Rigor and reproducibility

The Long-COVIDiet study is designed to ensure methodological rigor and reproducibility. All participants meet consistent inclusion and exclusion criteria, enhancing the reliability of findings and minimizing participant risk. Standardized procedures are implemented for all assessments, with detailed protocols for administering screening instruments and collecting data in a consistent order across visits. To promote adherence, make-up sessions are offered as needed. Nutritional biomarkers are used to validate self-reported dietary intake. The study design incorporates randomization, standardized eligibility criteria, and statistical control for confounding factors to ensure a robust and unbiased evaluation of the intervention’s effects.

Potential problems and alternative approaches

The study team identifies potential challenges and corresponding mitigation strategies. If recruitment slows due to declining COVID-19 incidence, additional sites within the UMMS are engaged. If participant dropout exceeds 20%, linear mixed-effects models address missing data under the assumption of data missing at random, using repeated measures of fatigue and diet quality. Participants unable to complete the 6-MWT perform the validated 2-Minute Walk Test (2-MWT). For those unable to tolerate daily supplementation, dosing is adjusted to alternate days with an emphasis on food-based nutrient sources. If no significant between-group differences are observed, analyses explore potential influences such as adherence, subgroup effects, or nutrient-specific responses.

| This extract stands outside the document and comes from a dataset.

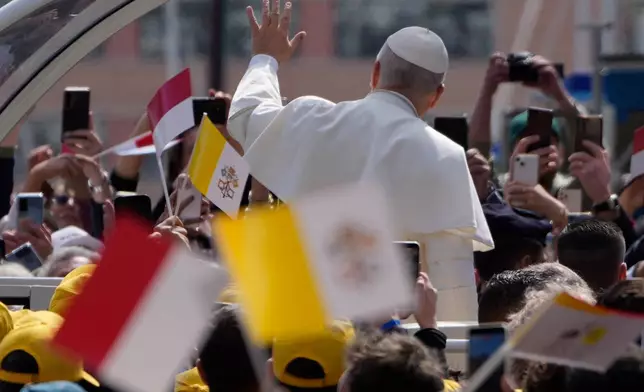 Pope Leo XIV arrives to meet with a group of young people and catechumens outside Sainte Dévote Church in La Condamine, Monaco, Saturday, March 28, 2026. (AP Photo/Gregorio Borgia)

Expected outcomes and benchmarks for success

Successful implementation of the intervention is expected to result in high participant engagement, with at least 80% of participants completing the full 16-week program. Participants are anticipated to improve their diet quality substantially, achieving an average HEI score increase of 15 points and demonstrating at least 70% adherence to the U.S. Healthy Eating Pattern. These dietary changes are expected to correspond with meaningful reductions in fatigue, bringing symptom levels down to mild or none. Improvements in functional outcomes are anticipated as well, with participants resuming daily life activities such as walking and working. Additionally, the study aims to identify novel nutritional biomarkers linked to fatigue, muscle strength, and physical function.

Future directions

Findings from this pilot study will inform the development of a larger, R01-funded trial aimed at scaling the intervention and deepening the investigation into the role of diet in long-COVID recovery and aging. Future work will examine the specific contributions of individual nutrients—such as fiber, vitamin K, and polyphenols—as components of the Whole-Diet Approach in mitigating fatigue and muscle loss. Particular attention will be given to the gut microbiome as a potential mediator of dietary effects, exploring how microbiota-derived metabolites influence inflammation, energy metabolism, and muscle function. Broader pathways linking diet, microbiome composition, fatigue, depression, sleep, muscle aging, and physical resilience will also be investigated to provide a more comprehensive understanding of how nutrition supports recovery and healthy aging.

Summary

The Long-COVIDiet study is among the first randomized trials to evaluate a structured dietary intervention in older adults with long COVID. By employing standardized procedures, validated outcome measures, and biomarker verification, the study aims to generate rigorous and reproducible evidence on the relationship between diet quality and post-viral recovery. If successful, the findings could inform evidence-based dietary guidelines and scalable public health strategies to reduce fatigue, enhance physical function, and support recovery in this high-risk population.

Reporting guidelines

This study protocol adheres to the SPIRIT 2025 statement (Standard Protocol Items: Recommendations for Interventional Trials). The completed SPIRIT 2025 checklist is available in the Open Science Framework (OSF) repository (DOI: 10.17605/OSF.IO/KT6BC).